BOWLING GREEN, Ky. (WBKO) -- A fake statement provided by President Trump's Counselor, Kellyanne Conway, sends Bowling Green in to a heyday.
"I mean, it never happened, so why would you mention it on the news?" WKU student Cheyenne Seaton stated.
"Honestly, I was a little shocked, cause usually our city of Bowling Green is very calm, and nothing really goes on, especially nothing pertaining to a massacre," WKU student Madison Bonzo added.
As the news over Conway's interview statement spreads quickly, WKU Journalism Professor Mac McKerral sees this as a valuable lesson regarding fact checking, no matter who says what.
"This notion that fake news is the new thing is preposterous. It's been around forever."
"People are going to believe what makes them comfortable, and they're not necessarily going to look for alternative sources to the information that they get," Professor McKerral added.

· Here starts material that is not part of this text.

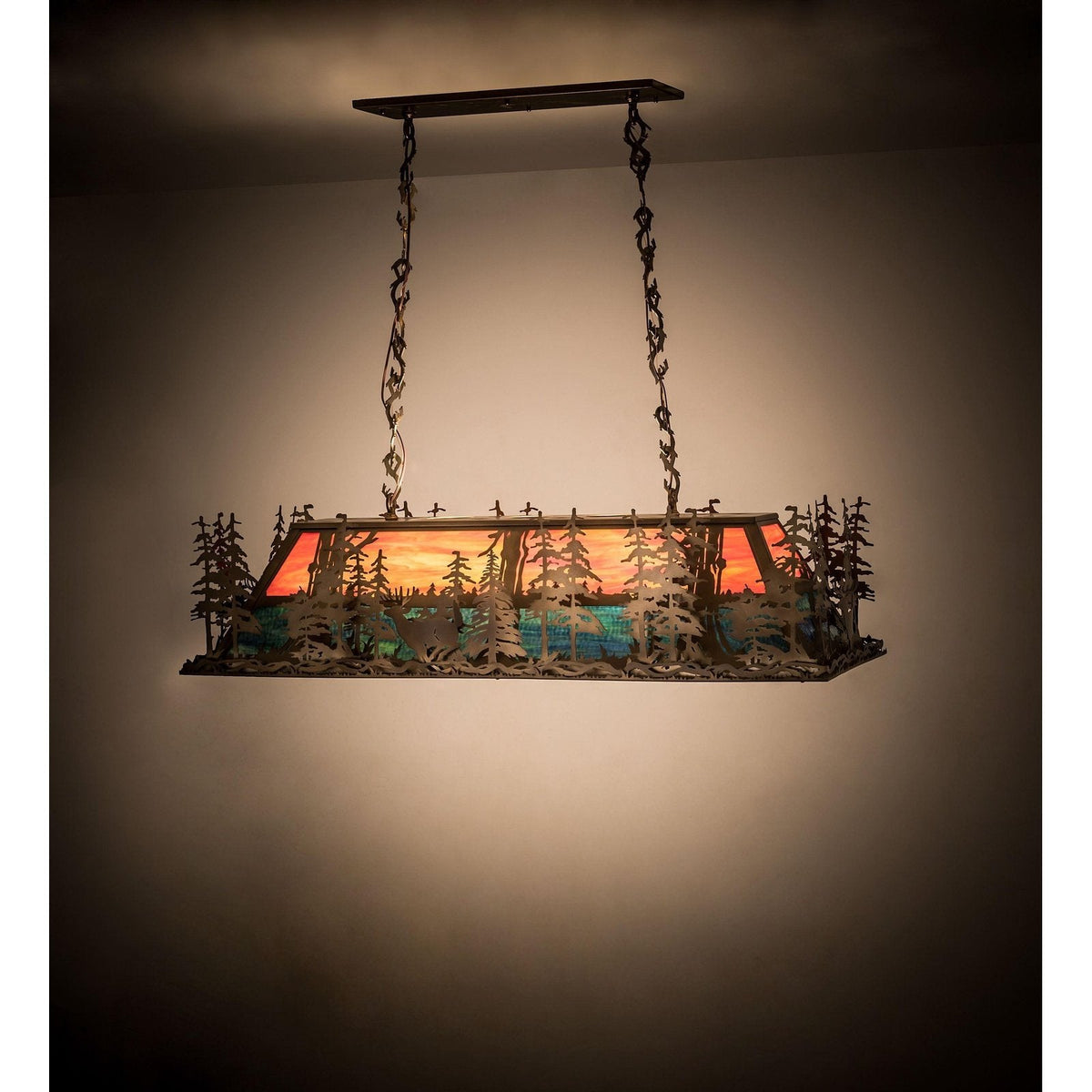 Meyda 50"L Deer at Dusk Oblong Pendant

But on the contrary, the WKU professor says news sources should follow up when something doesn't sound quite right.
"Why wasn't Chris Matthews asking her about the massacre in Bowling Green? There's some responsibility on the news side too. He's surrounded by producers, all of them online. It wouldn't take much to say 'hey, we're not finding much about this massacre," McKerral mentioned.
All-in-all, if you want to know something, Professor McKerral says do some research.
"You don't stop with news stories, you start with them. Fact-checking organizations, which are becoming really good, the really good ones drill down when they're examining statements people make."
A false fact brings true impact to the city of Bowling Green, Kentucky.